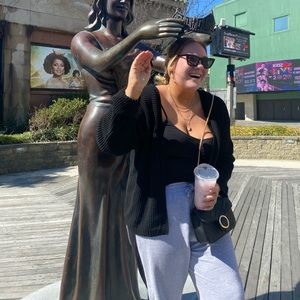 Meet your Posher, Katie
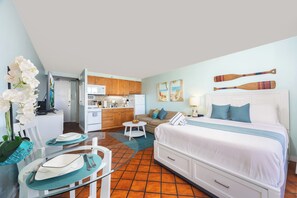 Iron/ironing board, free WiFi, bed sheets, wheelchair access - "Beachcomber" Studio w/FREE Parking & Full Kitchen (Honolulu)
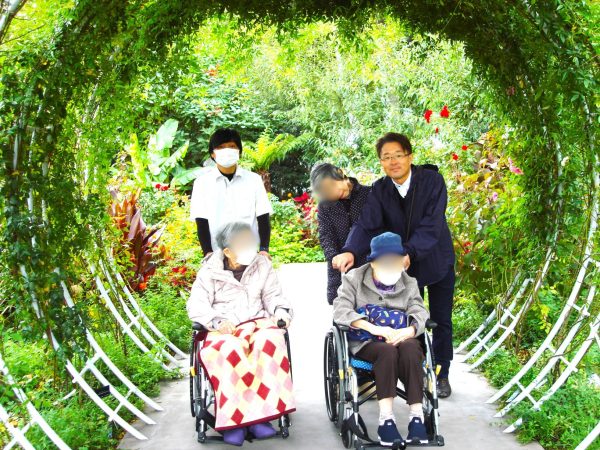 【サンライズ・ヴィラさがみ野】～ローズガーデンへ外出🌹～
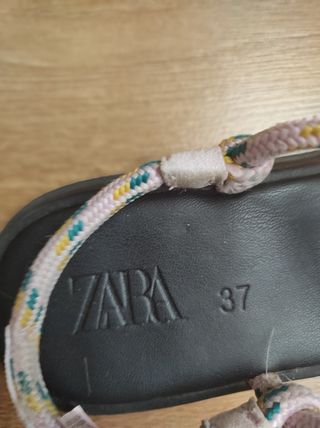 Sandalias  Zara. Talla 37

Problem description:
Dropping every picture, restate the material word for word.

Exercise solution:
 Meet your Posher, Katie
 Iron/ironing board, free WiFi, bed sheets, wheelchair access - "Beachcomber" Studio w/FREE Parking & Full Kitchen (Honolulu)
 【サンライズ・ヴィラさがみ野】～ローズガーデンへ外出🌹～
 Sandalias  Zara. Talla 37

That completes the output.